- **To do**: A verbatim copy of the full data, with no pictures, is the expected answer.

- **Collected material**:
•••••
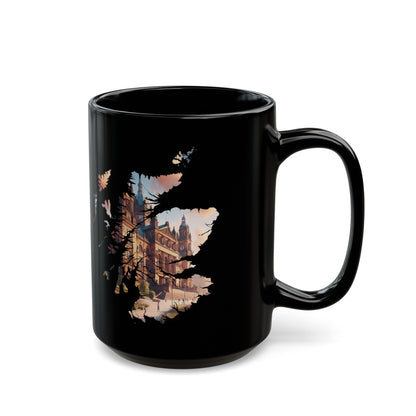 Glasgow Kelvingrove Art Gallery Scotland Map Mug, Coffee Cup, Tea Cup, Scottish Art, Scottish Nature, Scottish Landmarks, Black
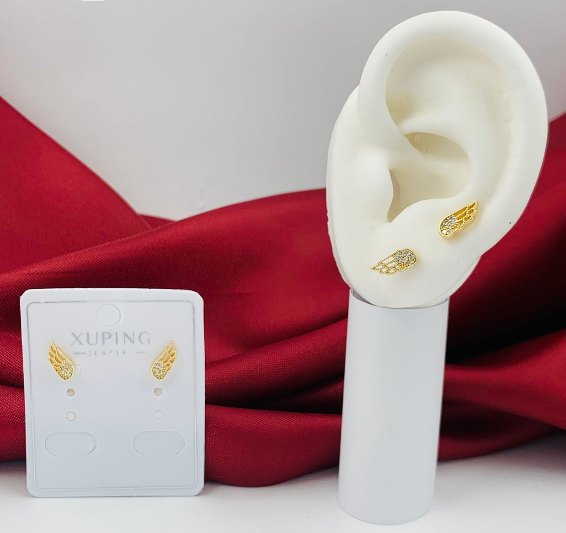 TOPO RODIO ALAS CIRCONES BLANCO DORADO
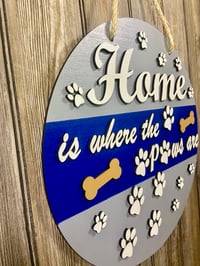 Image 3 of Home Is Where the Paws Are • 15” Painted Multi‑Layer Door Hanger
•••••
- **Exercise solution**:
 Glasgow Kelvingrove Art Gallery Scotland Map Mug, Coffee Cup, Tea Cup, Scottish Art, Scottish Nature, Scottish Landmarks, Black
 TOPO RODIO ALAS CIRCONES BLANCO DORADO
 Image 3 of Home Is Where the Paws Are • 15” Painted Multi‑Layer Door Hanger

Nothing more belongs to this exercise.